Metal has been rebellious within the last twenty years. The Norwegian black metal of the early 90s was about as rebellious as a very white, very male, very heterosexual art form can be. If we change the statement to the last ten years, then I agree with The Shaman, metal is no longer rebellious.

Music isn't really controversial any more, I don't think it can be. Everything's too diverse now, too ironic and post-modern. There are no longer Sex Pistol or gangsta rap style moral panics. No one cares, it's just music. The hipster is the rightful king of the current age and he doesn't care about anything, it's all a pose. Same with Lady Gaga, she's the anti-metal, all surface, pose, irony. No authenticity, at least in her performances. The phonies have won, Holden!


----------



## TarionzCousin (Oct 15, 2010)

:sigh:  
The consensus has spoken. 



But I don't agree with the statement that "Because It's old, it's not rebellious any more." One does not necessarily follow the other. Rebellious doesn't mean "new." Something can be old and rebellious.

I can't think of the terms. I summon the Logic Mod, [MENTION=177]Umbran[/MENTION], to assist me in elucidating* what I'm trying to say.




*Yeah, I can think of the word "elucidate" but other than that my brain is struggling.


----------



## Dannyalcatraz (Oct 15, 2010)

Personally, I think this thread is a classic example of sampling error- I bet most of us are metal lovers, and some may be overestimating it's popularity.

Yes, it's showing up More and more in advertising/soundtracks for new products, but that's more a factor of targeting Genreration Y than general acceptance.  Try playing some Whitechapel at a social gathering that represents a good cross-section of society and you'll get a very different result than implied by this poll.


----------



## jonesy (Oct 16, 2010)

Dannyalcatraz said:


> Personally, I think this thread is a classic example of sampling error- I bet most of us are metal lovers, and some may be overestimating it's popularity.
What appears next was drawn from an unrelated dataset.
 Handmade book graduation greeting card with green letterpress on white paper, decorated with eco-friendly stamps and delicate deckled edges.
When everyone I know likes it it's hard not to. But that might be a sampling error too. Scandinavia has an overly large population of metal bands compared to the rest of the world.


----------



## Hungry Like The Wolf (Oct 17, 2010)

Dannyalcatraz said:


> Yes, it's showing up More and more in advertising/soundtracks for new products, but that's more a factor of targeting Genreration Y than general acceptance.  Try playing some Whitechapel at a social gathering that represents a good cross-section of society and you'll get a very different result than implied by this poll.




Whitechapel aren't exactly metal though. They are apart of a genre that is the next logical step from bands like Earth Crisis. Just as they were the logical step from crossover bands like Cro-Mags and Sheer Terror.
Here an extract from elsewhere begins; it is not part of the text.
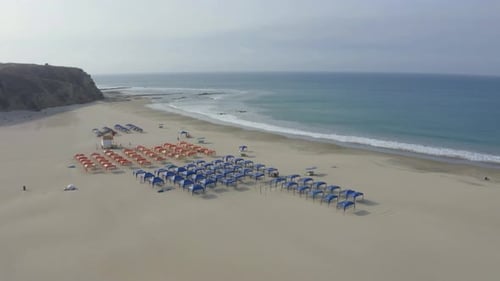Aerial view of a empty beach filled with blue and red beach tents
Other than that, I see your point but I don't consider metalcore to be metal.


----------



## Dannyalcatraz (Oct 17, 2010)

I do: like I said earlier, they can call themselve Gummi Bear Swing if they want, but musically speaking, technically speaking, metalcore (and other genres mentioned in this thread) are subgenres of metal.


----------



## Hungry Like The Wolf (Oct 17, 2010)

Dannyalcatraz said:


> I do: like I said earlier, they can call themselve Gummi Bear Swing if they want, but musically speaking, technically speaking, metalcore (and other genres mentioned in this thread) are subgenres of metal.




Well, I guess we'll disagree then. I see a clear ideological and stylistic link to punk, more so than to metal.


----------



## Dannyalcatraz (Oct 17, 2010)

Hungry Like The Wolf said:


> Well, I guess we'll disagree then. I see a clear ideological and stylistic link to punk, more so than to metal.




Yeah, let's- because while I see the link to punk, I think the link to metal is clearer...

Besides, punk & metal have been cross-pollenating for decades.


----------



## El Mahdi (Oct 17, 2010)

Dannyalcatraz said:


> ...Besides, punk & metal have been cross-pollenating for decades.




Yup! And they had an illegitimate child...


----------



## TarionzCousin (Oct 18, 2010)

El Mahdi said:


> Yup! And they had an illegitimate child...



According to this poll, this guy is at best "barely rebellious." Sex, drugs, prosthetic limbs, and rock and roll, baby. Oh, and lots of drugs, because nothing says "Establishment" like a heavy cocaine addiction.


----------



## Dannyalcatraz (Oct 18, 2010)

Betcha he's a staunch Republican...

And when he's old enough to run for Prez, he'll use his own music for his campaign with some lyrical revisions...

"Conservative people! Conservative people!
(Ahhhhh!)
Conservative people! Conservative people!
(Ahhhhh!)..."


----------



## Remus Lupin (Oct 18, 2010)

Now now, don't go spoiling our fun with politics!


----------



## jonesy (Oct 18, 2010)

I once had a discussion with a guy from a metal magazine about Mansion and he described him as goth sensationalist industrial rock.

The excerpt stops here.